### GIVEN DATA
%%
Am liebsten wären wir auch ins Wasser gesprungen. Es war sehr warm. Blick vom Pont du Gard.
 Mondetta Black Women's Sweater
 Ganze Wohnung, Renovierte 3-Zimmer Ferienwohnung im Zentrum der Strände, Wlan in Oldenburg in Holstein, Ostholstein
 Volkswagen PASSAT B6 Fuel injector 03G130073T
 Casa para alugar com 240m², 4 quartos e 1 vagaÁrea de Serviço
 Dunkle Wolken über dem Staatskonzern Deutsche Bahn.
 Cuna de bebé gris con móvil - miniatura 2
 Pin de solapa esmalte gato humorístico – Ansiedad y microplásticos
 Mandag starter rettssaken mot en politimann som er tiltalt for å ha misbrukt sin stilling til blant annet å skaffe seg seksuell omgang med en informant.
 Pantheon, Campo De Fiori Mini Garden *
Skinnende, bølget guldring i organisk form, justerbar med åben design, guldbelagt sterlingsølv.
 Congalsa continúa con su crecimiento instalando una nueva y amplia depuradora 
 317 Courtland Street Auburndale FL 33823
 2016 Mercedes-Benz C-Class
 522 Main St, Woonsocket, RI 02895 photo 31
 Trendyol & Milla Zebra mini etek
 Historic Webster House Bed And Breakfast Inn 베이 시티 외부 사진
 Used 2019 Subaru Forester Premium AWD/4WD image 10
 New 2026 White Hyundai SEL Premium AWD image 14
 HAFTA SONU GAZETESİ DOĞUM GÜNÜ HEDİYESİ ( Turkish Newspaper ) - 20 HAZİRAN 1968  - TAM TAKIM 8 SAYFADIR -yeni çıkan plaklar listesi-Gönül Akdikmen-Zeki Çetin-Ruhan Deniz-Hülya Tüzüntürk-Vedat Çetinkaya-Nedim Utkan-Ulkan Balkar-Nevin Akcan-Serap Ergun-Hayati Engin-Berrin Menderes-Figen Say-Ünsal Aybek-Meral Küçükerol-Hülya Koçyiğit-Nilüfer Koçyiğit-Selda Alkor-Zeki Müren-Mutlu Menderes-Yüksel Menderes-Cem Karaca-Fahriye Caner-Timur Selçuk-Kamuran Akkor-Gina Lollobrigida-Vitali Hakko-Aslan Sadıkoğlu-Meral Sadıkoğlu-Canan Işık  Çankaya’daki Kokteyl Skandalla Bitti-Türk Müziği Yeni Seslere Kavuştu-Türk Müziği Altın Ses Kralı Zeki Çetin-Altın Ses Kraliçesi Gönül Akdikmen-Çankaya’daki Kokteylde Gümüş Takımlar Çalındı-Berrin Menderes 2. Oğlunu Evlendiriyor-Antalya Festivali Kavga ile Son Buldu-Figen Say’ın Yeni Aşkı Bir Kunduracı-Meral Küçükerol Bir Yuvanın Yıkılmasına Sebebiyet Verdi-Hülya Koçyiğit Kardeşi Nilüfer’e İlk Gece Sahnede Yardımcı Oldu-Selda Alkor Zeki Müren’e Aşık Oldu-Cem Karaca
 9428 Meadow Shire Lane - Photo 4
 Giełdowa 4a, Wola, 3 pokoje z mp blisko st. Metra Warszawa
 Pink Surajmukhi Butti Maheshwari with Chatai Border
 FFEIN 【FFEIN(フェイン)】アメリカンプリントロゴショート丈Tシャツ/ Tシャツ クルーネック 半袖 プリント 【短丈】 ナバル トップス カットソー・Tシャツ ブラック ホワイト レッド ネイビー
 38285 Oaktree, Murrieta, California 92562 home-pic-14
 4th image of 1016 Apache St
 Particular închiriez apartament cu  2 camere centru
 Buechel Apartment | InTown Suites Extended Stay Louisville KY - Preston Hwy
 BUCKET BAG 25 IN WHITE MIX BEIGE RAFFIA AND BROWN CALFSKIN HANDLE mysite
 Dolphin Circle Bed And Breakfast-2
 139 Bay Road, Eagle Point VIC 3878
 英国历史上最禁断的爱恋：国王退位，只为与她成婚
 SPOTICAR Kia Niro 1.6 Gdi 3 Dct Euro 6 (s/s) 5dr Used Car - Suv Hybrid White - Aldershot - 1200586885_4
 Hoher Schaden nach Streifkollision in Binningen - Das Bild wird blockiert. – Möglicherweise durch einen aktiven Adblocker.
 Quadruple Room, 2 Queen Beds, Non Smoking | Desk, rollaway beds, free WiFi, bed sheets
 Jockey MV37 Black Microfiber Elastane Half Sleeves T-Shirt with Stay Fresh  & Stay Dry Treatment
%%
### TRY IT
Reproduce only the lines above, starting at the line with "Pink Surajmukhi Butti" and ending at the line with "Particular închiriez apartament", exactly as written.

### WORKED SOLUTION
 Pink Surajmukhi Butti Maheshwari with Chatai Border
 FFEIN 【FFEIN(フェイン)】アメリカンプリントロゴショート丈Tシャツ/ Tシャツ クルーネック 半袖 プリント 【短丈】 ナバル トップス カットソー・Tシャツ ブラック ホワイト レッド ネイビー
 38285 Oaktree, Murrieta, California 92562 home-pic-14
 4th image of 1016 Apache St
 Particular închiriez apartament cu  2 camere centru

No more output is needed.